→ **WHAT TO WORK ON**:
The output is a word-for-word repeat of the listing below, free of images.

→ **EXERCISE DATA**:

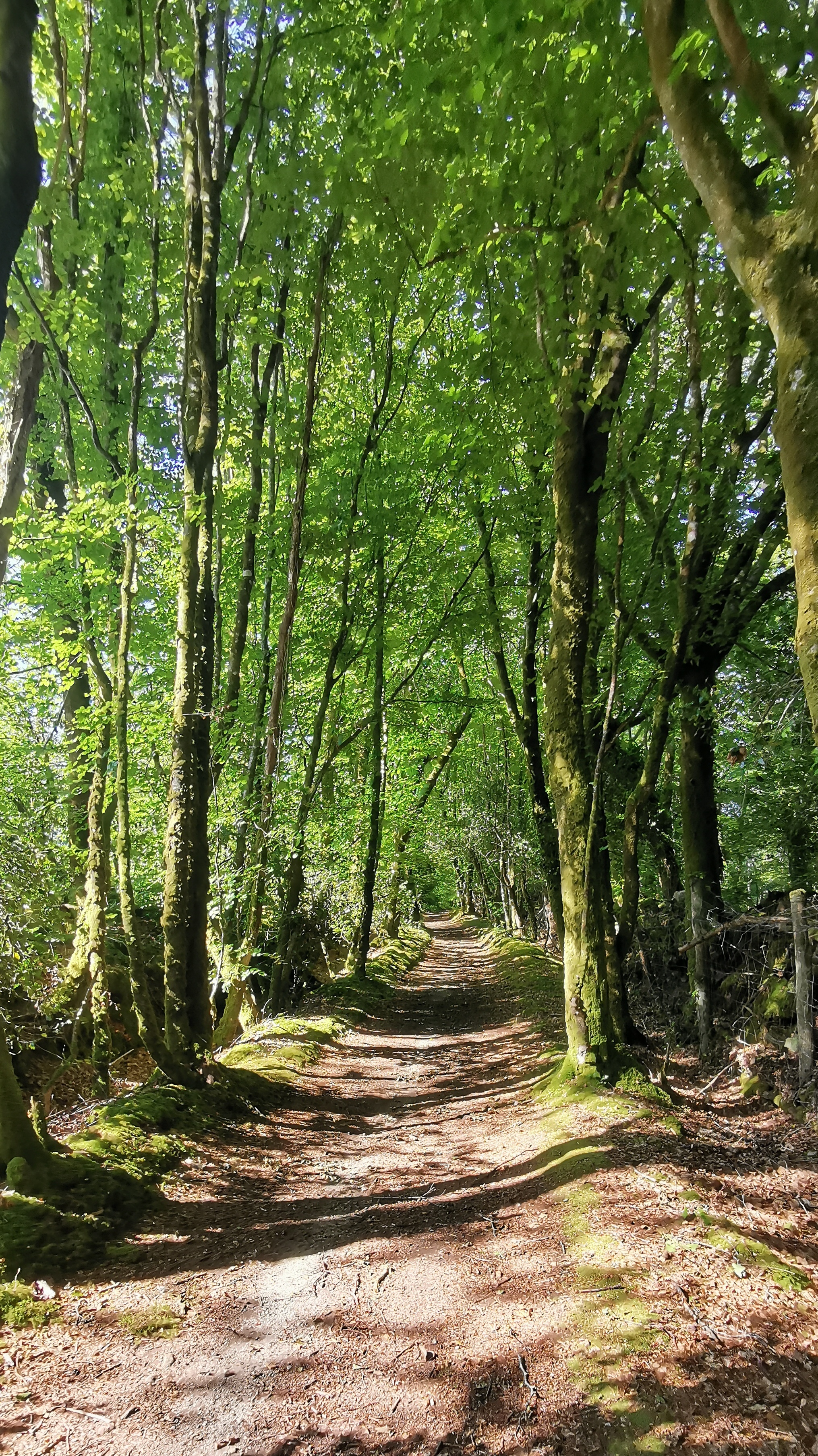 16-IMG_20210531_103349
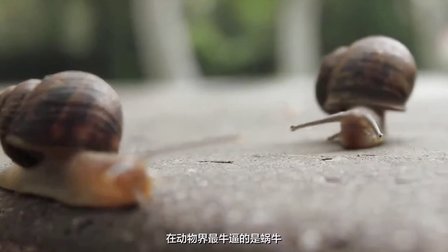 土豆败家指南 140913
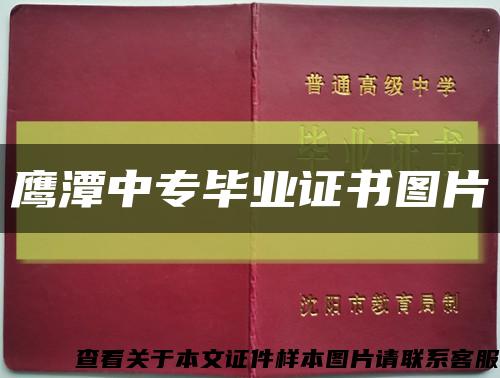鷹潭中專畢業證書圖片縮略圖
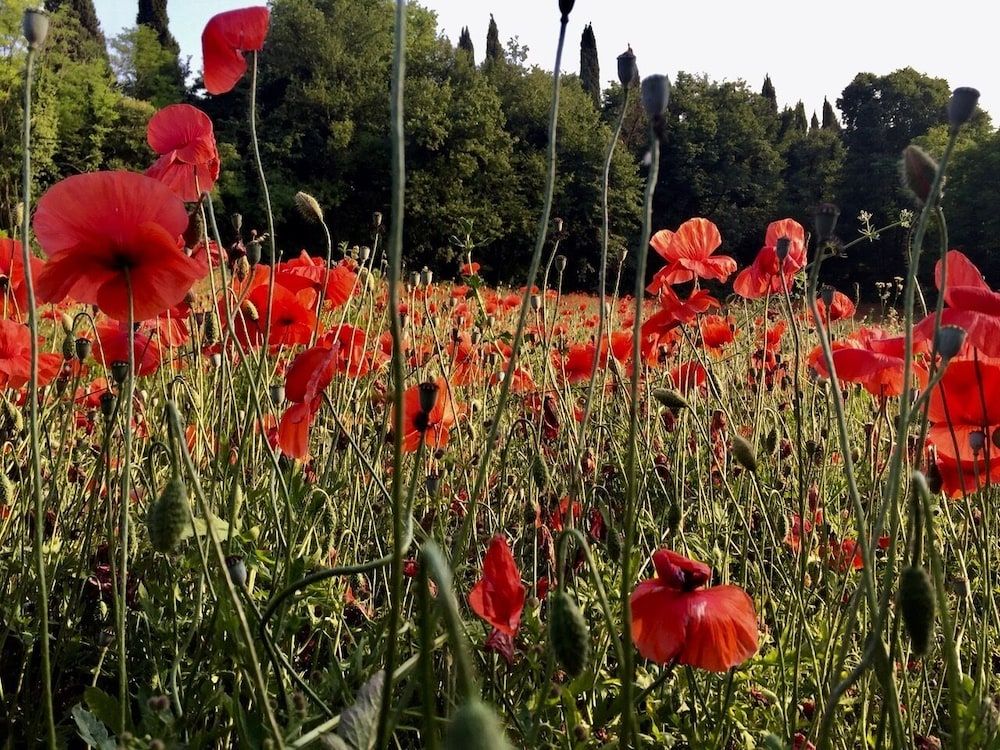 Agriturismo Solimago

→ **OUTPUT OF THE TASK**:
 16-IMG_20210531_103349
 土豆败家指南 140913
鷹潭中專畢業證書圖片縮略圖
 Agriturismo Solimago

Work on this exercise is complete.